### What the task requires
Consider the listing below. Extract exactly the lines from the line containing "ENHYPEN ジョンウォン　3点セット　D'FESTA ポストカード" to the line containing "2009 Hyundai Sonata GLS V6", both included.

+++ Records provided +++

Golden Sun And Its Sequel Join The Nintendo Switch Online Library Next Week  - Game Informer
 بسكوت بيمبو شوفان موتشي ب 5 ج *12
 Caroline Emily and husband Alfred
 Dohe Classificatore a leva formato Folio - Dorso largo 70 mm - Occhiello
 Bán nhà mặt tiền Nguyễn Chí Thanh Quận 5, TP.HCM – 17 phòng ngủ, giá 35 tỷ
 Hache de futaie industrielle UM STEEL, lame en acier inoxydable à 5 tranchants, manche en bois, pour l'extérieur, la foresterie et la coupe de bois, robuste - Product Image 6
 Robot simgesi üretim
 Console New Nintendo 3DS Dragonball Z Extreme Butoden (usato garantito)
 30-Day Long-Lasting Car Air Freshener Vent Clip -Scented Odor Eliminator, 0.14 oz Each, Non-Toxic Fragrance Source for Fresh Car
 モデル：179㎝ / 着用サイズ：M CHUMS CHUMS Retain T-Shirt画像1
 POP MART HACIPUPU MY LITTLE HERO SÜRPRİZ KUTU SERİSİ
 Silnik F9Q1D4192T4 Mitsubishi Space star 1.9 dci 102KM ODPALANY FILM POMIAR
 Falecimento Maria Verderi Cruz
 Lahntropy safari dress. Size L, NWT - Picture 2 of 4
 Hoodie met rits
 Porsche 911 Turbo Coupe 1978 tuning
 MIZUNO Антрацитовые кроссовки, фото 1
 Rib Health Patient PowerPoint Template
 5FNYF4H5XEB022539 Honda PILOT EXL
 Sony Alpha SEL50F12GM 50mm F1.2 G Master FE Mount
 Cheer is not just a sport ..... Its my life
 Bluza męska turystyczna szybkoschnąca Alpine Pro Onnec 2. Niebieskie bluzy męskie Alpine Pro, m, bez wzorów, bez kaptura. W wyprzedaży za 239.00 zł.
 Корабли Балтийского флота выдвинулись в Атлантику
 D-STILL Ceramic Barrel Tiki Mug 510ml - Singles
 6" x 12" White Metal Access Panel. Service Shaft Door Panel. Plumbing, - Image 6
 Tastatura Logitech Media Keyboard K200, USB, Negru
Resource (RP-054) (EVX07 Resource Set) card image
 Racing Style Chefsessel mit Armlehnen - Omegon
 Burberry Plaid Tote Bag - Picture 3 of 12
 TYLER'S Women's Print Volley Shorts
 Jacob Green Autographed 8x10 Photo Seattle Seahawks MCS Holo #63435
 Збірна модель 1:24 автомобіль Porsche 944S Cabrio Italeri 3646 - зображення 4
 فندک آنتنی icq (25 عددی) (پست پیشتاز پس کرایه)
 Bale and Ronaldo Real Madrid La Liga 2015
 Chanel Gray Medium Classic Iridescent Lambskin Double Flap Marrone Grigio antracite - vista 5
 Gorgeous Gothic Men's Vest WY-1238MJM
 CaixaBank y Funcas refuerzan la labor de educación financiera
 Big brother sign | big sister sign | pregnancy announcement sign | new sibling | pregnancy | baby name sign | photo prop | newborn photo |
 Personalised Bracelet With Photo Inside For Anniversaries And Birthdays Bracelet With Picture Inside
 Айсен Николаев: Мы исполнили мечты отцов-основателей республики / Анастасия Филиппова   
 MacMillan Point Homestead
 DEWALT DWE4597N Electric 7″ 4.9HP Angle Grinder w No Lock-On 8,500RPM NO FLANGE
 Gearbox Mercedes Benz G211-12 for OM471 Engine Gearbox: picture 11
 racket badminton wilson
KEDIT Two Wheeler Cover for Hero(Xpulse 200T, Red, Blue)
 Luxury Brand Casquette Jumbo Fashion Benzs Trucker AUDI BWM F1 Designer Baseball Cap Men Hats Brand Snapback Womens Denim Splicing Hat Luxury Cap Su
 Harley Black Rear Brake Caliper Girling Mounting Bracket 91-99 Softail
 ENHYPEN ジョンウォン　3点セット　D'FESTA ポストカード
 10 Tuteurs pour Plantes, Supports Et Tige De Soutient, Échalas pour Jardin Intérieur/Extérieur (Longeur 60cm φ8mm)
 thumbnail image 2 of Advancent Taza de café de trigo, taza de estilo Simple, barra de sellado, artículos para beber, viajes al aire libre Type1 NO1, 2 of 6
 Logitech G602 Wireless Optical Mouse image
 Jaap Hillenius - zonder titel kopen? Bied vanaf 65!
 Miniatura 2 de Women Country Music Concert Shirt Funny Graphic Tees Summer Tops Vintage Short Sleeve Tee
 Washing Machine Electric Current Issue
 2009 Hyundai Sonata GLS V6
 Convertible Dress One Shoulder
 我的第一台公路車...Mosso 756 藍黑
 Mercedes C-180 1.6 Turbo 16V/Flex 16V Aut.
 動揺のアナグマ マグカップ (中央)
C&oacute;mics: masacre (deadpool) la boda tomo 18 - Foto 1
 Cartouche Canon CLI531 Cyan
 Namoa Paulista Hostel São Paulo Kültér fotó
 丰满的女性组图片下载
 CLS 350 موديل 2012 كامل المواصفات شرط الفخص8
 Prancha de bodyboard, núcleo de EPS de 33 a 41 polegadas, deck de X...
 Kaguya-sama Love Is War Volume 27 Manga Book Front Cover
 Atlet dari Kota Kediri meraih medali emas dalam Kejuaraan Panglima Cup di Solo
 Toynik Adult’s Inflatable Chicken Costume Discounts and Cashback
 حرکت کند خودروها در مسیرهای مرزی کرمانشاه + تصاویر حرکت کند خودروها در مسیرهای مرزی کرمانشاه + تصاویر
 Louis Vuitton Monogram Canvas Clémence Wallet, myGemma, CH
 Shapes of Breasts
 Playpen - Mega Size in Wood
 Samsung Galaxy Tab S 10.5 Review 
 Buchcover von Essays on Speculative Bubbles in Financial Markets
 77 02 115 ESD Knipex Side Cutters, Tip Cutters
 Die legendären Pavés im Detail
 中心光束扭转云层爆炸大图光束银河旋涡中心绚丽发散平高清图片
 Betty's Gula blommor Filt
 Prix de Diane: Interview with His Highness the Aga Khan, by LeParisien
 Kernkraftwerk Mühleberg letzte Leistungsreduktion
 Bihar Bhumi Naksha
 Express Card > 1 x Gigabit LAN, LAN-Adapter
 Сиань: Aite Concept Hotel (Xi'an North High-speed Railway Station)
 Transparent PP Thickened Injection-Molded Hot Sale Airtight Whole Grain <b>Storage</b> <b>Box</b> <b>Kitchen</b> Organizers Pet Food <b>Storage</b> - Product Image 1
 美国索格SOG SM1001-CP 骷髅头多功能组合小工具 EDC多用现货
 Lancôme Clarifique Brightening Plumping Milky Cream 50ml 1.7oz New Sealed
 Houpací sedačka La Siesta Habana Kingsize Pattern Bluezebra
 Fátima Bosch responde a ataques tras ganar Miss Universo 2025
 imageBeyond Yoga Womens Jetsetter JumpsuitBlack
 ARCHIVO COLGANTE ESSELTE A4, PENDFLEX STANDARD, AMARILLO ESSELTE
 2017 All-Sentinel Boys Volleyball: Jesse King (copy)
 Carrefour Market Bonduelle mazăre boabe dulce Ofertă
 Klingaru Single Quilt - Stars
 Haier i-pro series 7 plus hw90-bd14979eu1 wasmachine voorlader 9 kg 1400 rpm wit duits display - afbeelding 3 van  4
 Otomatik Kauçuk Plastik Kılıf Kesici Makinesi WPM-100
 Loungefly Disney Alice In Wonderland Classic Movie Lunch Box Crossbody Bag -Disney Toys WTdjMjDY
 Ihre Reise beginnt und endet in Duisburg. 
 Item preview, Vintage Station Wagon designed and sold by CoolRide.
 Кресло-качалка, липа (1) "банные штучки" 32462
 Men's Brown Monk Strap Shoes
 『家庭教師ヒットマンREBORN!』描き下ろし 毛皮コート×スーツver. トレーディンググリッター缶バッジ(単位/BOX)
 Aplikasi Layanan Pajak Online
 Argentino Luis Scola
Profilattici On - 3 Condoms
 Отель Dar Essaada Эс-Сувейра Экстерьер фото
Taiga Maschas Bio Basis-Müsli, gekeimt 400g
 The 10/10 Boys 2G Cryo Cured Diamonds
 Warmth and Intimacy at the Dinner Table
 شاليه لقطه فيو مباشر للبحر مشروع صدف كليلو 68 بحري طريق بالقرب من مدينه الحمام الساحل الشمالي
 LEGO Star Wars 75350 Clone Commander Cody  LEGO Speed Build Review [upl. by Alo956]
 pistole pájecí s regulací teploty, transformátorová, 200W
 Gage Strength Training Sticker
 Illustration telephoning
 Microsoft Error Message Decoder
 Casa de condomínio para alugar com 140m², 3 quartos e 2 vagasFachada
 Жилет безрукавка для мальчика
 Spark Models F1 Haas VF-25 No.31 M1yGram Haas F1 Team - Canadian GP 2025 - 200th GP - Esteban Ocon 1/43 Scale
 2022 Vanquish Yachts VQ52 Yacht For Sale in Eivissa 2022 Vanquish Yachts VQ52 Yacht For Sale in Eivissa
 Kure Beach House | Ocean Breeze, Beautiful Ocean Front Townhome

+++

### Your response
 ENHYPEN ジョンウォン　3点セット　D'FESTA ポストカード
 10 Tuteurs pour Plantes, Supports Et Tige De Soutient, Échalas pour Jardin Intérieur/Extérieur (Longeur 60cm φ8mm)
 thumbnail image 2 of Advancent Taza de café de trigo, taza de estilo Simple, barra de sellado, artículos para beber, viajes al aire libre Type1 NO1, 2 of 6
 Logitech G602 Wireless Optical Mouse image
 Jaap Hillenius - zonder titel kopen? Bied vanaf 65!
 Miniatura 2 de Women Country Music Concert Shirt Funny Graphic Tees Summer Tops Vintage Short Sleeve Tee
 Washing Machine Electric Current Issue
 2009 Hyundai Sonata GLS V6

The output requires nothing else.